Pocket lint makes a good tinder for fire-starting. By the way, this is why so many fires start in peoples clothes dryers. A spark will usually take hold in lint and can be blown into a flame be sure to have kindling and firewood ready.Try and keep water proof matches in a old film container its small and will fit into your pocket for emergency fires.Keep larger stones around your fire they will hold the heat longer.

Tuesday, October 23, 2007

Stay dry in the wilds

Lost in the woods with no food? The inner bark the soft white part of pine trees is edible. Palatability is another matter, and varies from species to species.

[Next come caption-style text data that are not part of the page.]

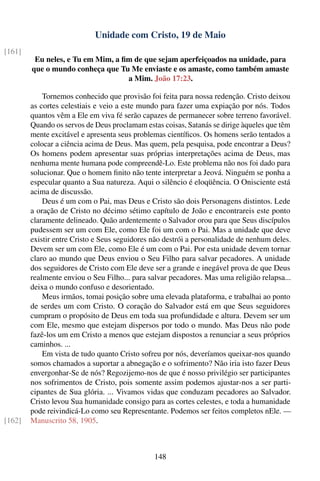 Unidade com Cristo, 19 de Maio
[161]
         Eu neles, e Tu em Mim, a ﬁm de que sejam aperfeiçoados na unidade, para
        que o mundo conheça que Tu Me enviaste e os amaste, como também amaste
                                   a Mim. João 17:23.

            Tornemos conhecido que provisão foi feita para nossa redenção. Cristo deixou
        as cortes celestiais e veio a este mundo para fazer uma expiação por nós. Todos
        quantos vêm a Ele em viva fé serão capazes de permanecer sobre terreno favorável.
        Quando os servos de Deus proclamam estas coisas, Satanás se dirige àqueles que têm
        mente excitável e apresenta seus problemas cientíﬁcos. Os homens serão tentados a
        colocar a ciência acima de Deus. Mas quem, pela pesquisa, pode encontrar a Deus?
        Os homens podem apresentar suas próprias interpretações acima de Deus, mas
        nenhuma mente humana pode compreendê-Lo. Este problema não nos foi dado para
        solucionar. Que o homem ﬁnito não tente interpretar a Jeová. Ninguém se ponha a
        especular quanto a Sua natureza. Aqui o silêncio é eloqüência. O Onisciente está
        acima de discussão.
            Deus é um com o Pai, mas Deus e Cristo são dois Personagens distintos. Lede
        a oração de Cristo no décimo sétimo capítulo de João e encontrareis este ponto
        claramente delineado. Quão ardentemente o Salvador orou para que Seus discípulos
        pudessem ser um com Ele, como Ele foi um com o Pai. Mas a unidade que deve
        existir entre Cristo e Seus seguidores não destrói a personalidade de nenhum deles.
        Devem ser um com Ele, como Ele é um com o Pai. Por esta unidade devem tornar
        claro ao mundo que Deus enviou o Seu Filho para salvar pecadores. A unidade
        dos seguidores de Cristo com Ele deve ser a grande e inegável prova de que Deus
        realmente enviou o Seu Filho... para salvar pecadores. Mas uma religião relapsa...
        deixa o mundo confuso e desorientado.
            Meus irmãos, tomai posição sobre uma elevada plataforma, e trabalhai ao ponto
        de serdes um com Cristo. O coração do Salvador está em que Seus seguidores
        cumpram o propósito de Deus em toda sua profundidade e altura. Devem ser um
        com Ele, mesmo que estejam dispersos por todo o mundo. Mas Deus não pode
        fazê-los um em Cristo a menos que estejam dispostos a renunciar a seus próprios
        caminhos. ...
            Em vista de tudo quanto Cristo sofreu por nós, deveríamos queixar-nos quando
        somos chamados a suportar a abnegação e o sofrimento? Não iria isto fazer Deus
        envergonhar-Se de nós? Regozijemo-nos de que é nosso privilégio ser participantes
        nos sofrimentos de Cristo, pois somente assim podemos ajustar-nos a ser parti-
        cipantes de Sua glória. ... Vivamos vidas que conduzam pecadores ao Salvador.
        Cristo levou Sua humanidade consigo para as cortes celestes, e toda a humanidade
        pode reivindicá-Lo como seu Representante. Podemos ser feitos completos nEle. —
[162]   Manuscrito 58, 1905.



                                               148
 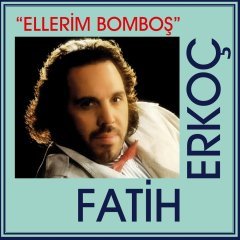 Fatih Erkoç Ellerim Bomboş LP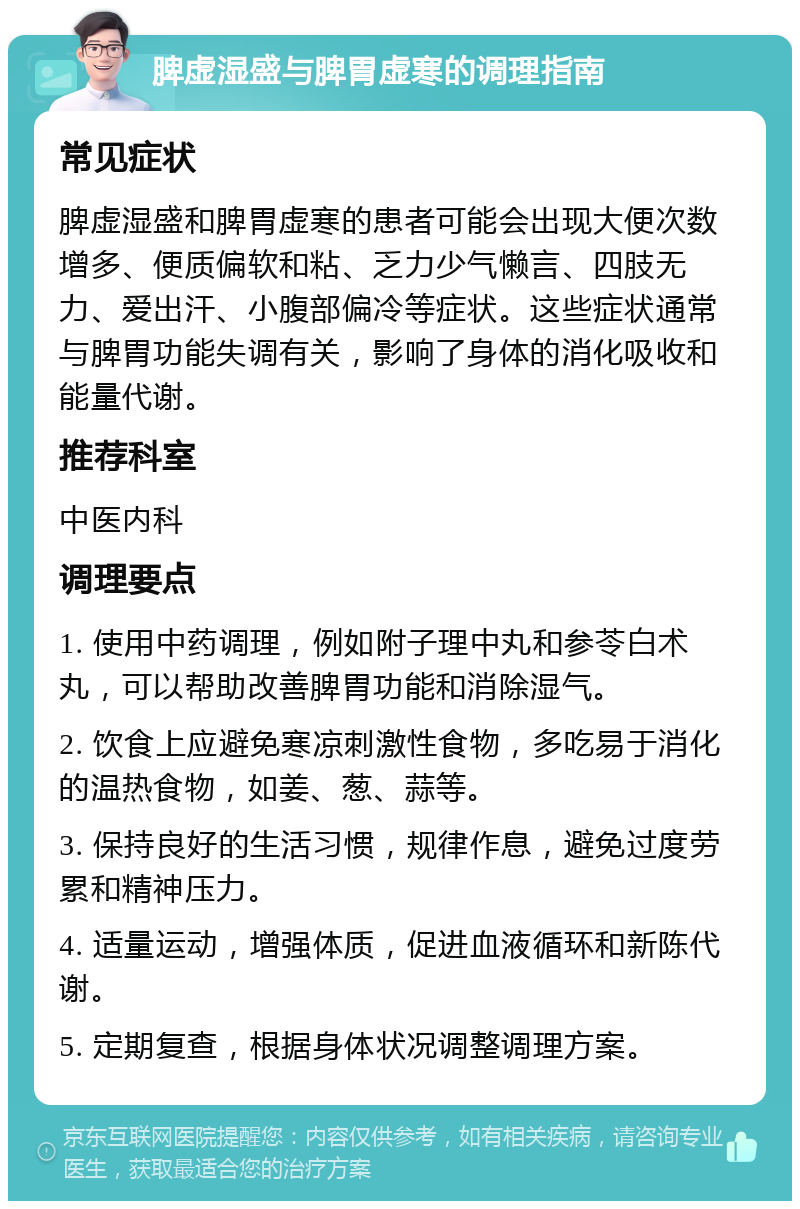 脾虚湿盛与脾胃虚寒的调理指南 常见症状 脾虚湿盛和脾胃虚寒的患者可能会出现大便次数增多、便质偏软和粘、乏力少气懒言、四肢无力、爱出汗、小腹部偏冷等症状。这些症状通常与脾胃功能失调有关，影响了身体的消化吸收和能量代谢。 推荐科室 中医内科 调理要点 1. 使用中药调理，例如附子理中丸和参苓白术丸，可以帮助改善脾胃功能和消除湿气。 2. 饮食上应避免寒凉刺激性食物，多吃易于消化的温热食物，如姜、葱、蒜等。 3. 保持良好的生活习惯，规律作息，避免过度劳累和精神压力。 4. 适量运动，增强体质，促进血液循环和新陈代谢。 5. 定期复查，根据身体状况调整调理方案。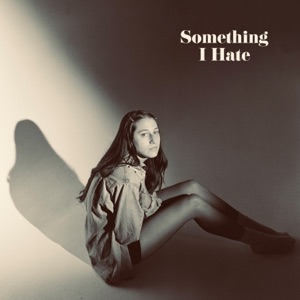 Something I Hate - Single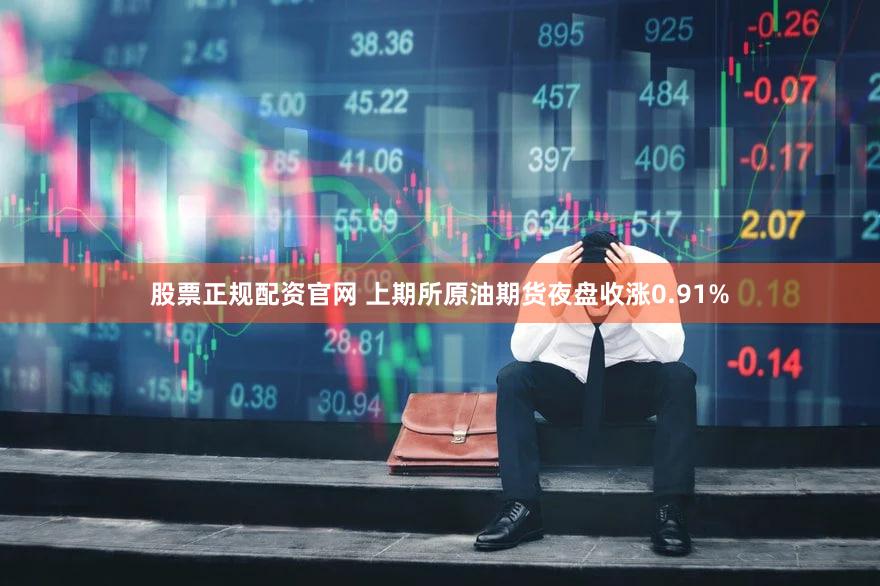 股票正规配资官网 上期所原油期货夜盘收涨0.91%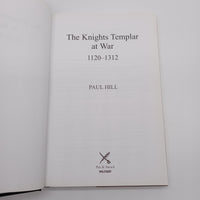 The Knights Templar at War 1120-1312 (2018) Paul Hill Hardcover DJ Near Fine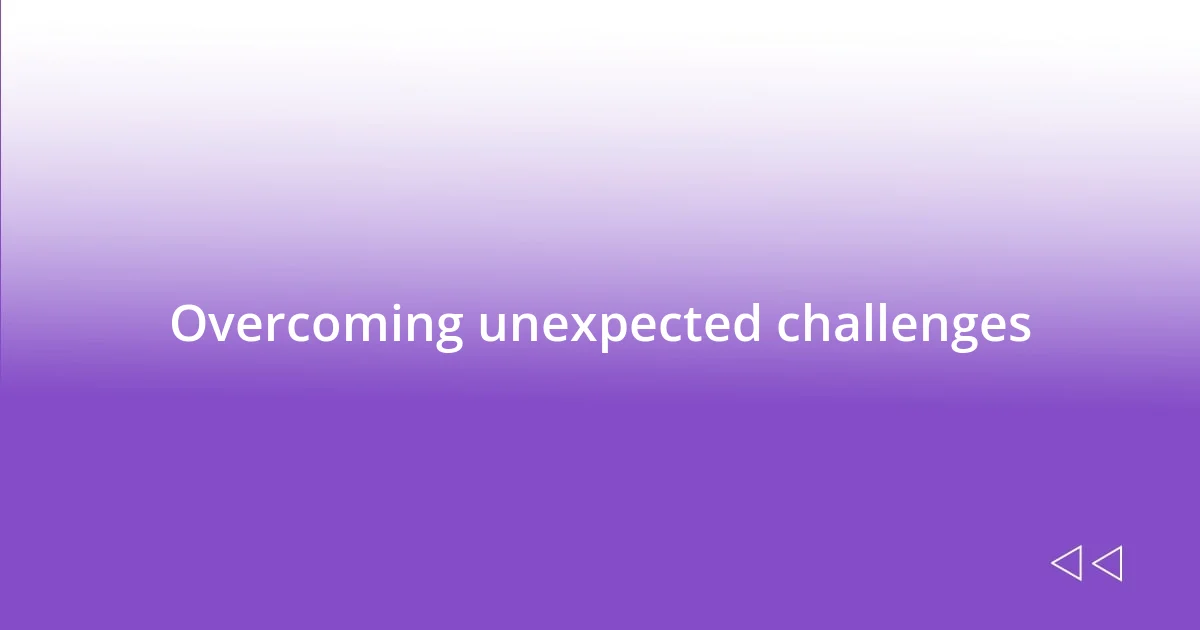 Overcoming unexpected challenges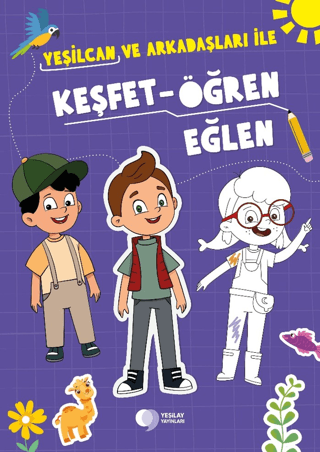 Yeşilcan ve Arkadaşları ile Keşfet - Öğren - Eğlen Etkinlik Kitabı - 1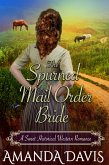 The Spurned Mail Order Bride: Love-Inspired Sweet Historical Western Mail Order Bride Romance (Brides for the Chauncey Brothers, #3) (eBook, ePUB)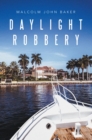 Daylight Robbery - eBook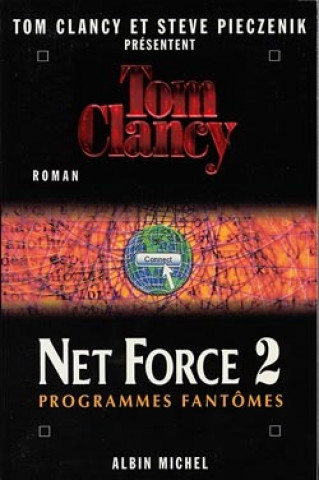 Könyv Net Force 2. Programmes Fantomes Tom Clancy
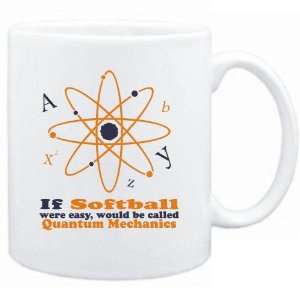 New  If Softball Were Easy , Would Be Called Quantum Mechanics  Mug 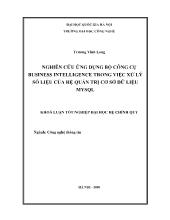 Nghiên cứu ứng dụng bộ công cụ business intelligence trong việc xử lý số liệu của hệ quản trị cơ sở dữ liệu mysql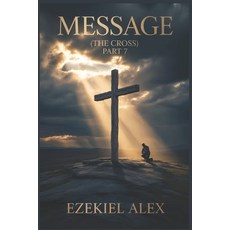 (英文圖書)Message (the Cross) Part 7 平裝版, Independently Published, 英文
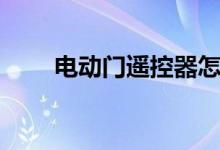 電動(dòng)門遙控器怎么配（可以這樣做）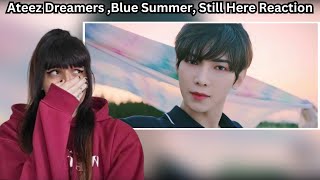 ATEEZ 에이티즈 REACTION  Dreamers  Blue Summer Still Here Acoustic Ver [upl. by Tabb]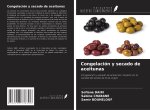 Congelación y secado de aceitunas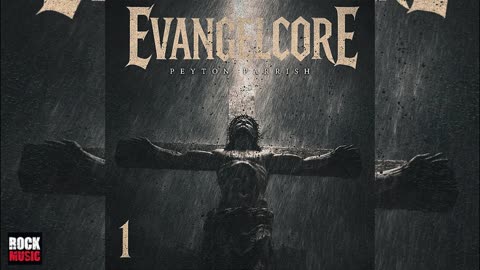 Peyton Parrish - EvangelCore 1 (2025)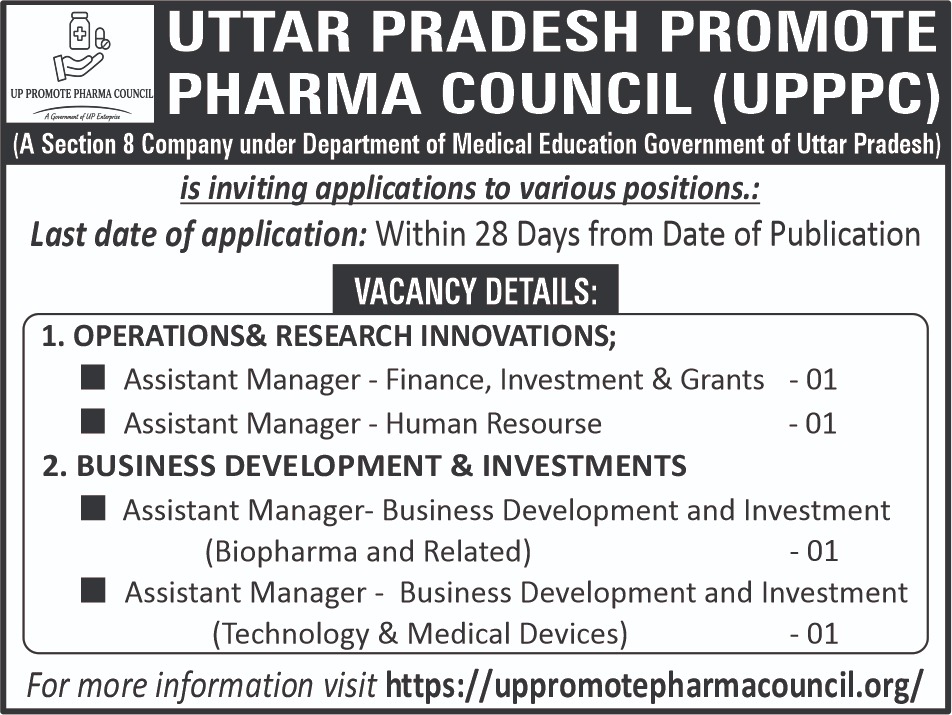 UPPromotePharma's tweet photo. CAREER OPPORTUNITY in UPPPC

Uttar Pradesh Promote Pharma Council (UPPPC) invites applications for various Assistant Manager positions i.e. Finance, Investment & Grants, Human Resource, Business Development & Investment (Biopharma & Related), Business Development & Investment (Technology & Medical Devices)

Last date: Within 28 days from the date of publication. 

#UPPPC #Recruitment #Pharma #UttarPradesh #Jobs #Medtech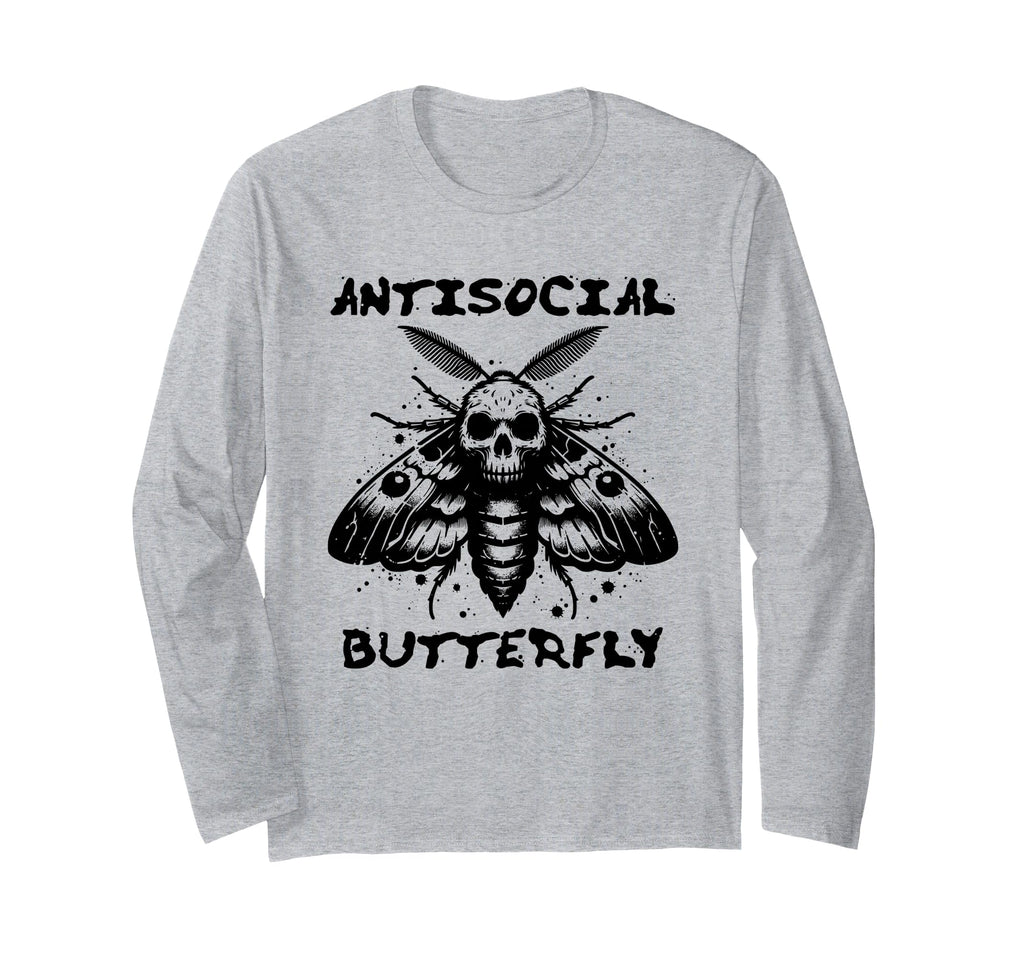 Antisocial Butterfly Funny Death T-Shirt - Casual Everyday Wear Unisex - T-Shirt, Sweatshirt, Hoodie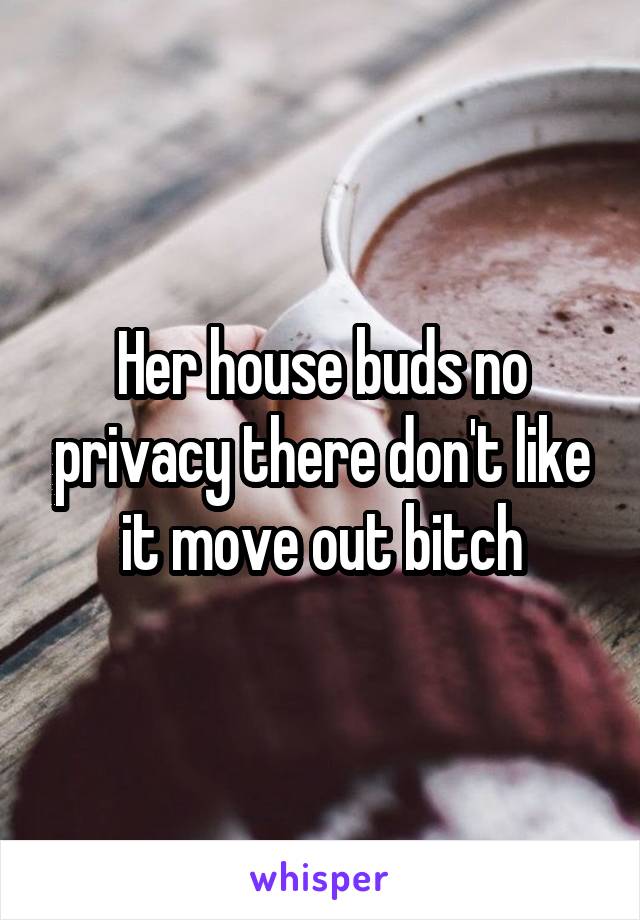 Her house buds no privacy there don't like it move out bitch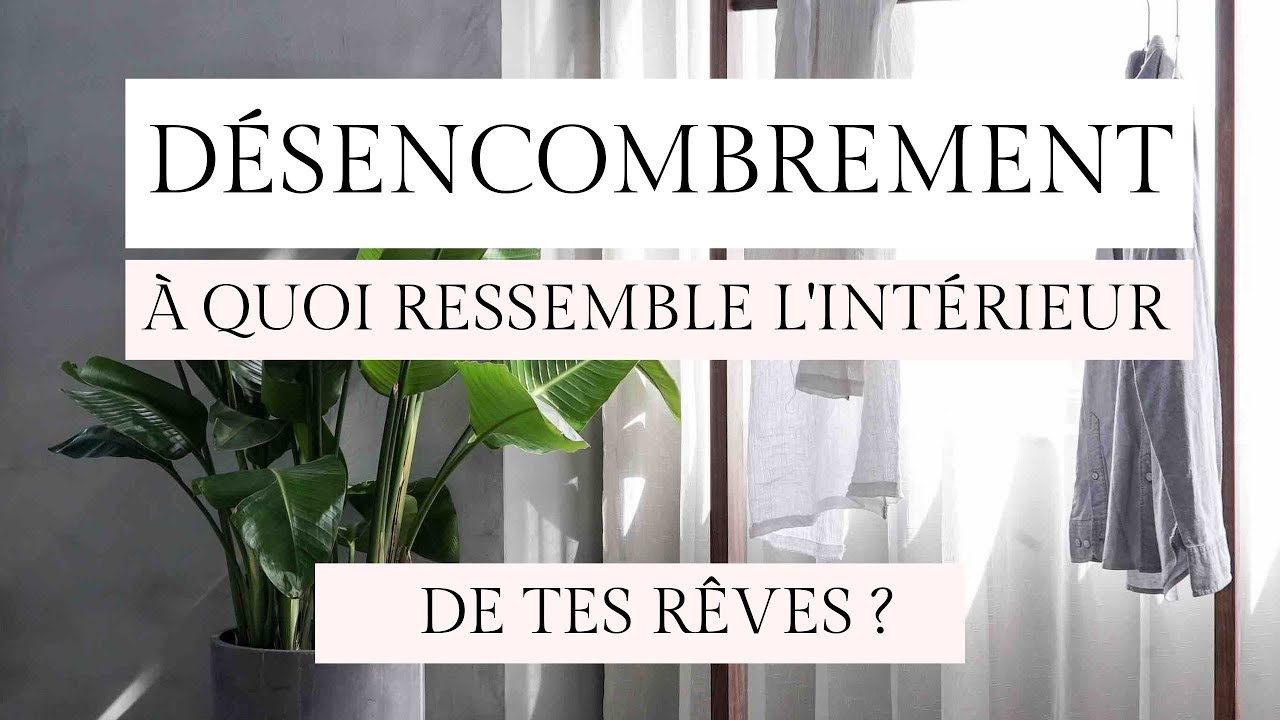 4/9: Qu'attends-tu de ton habitat?  - DÉSENCOMBRER SA VIE & SA MAISON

I have found white pine to be tolerable. Strip some bark off the tree, scrape the inner bark from the rougher outer layer, and boil it for best digestion.
In cold weather, coat your feet with antiperspirant for several days before a backpacking trip. This will stop them from sweating too much. This means drier, and warmer feet.Spray your boots with water proofing spray to help keep the water out.Silican spray on tents and other gear works great to keep rain out.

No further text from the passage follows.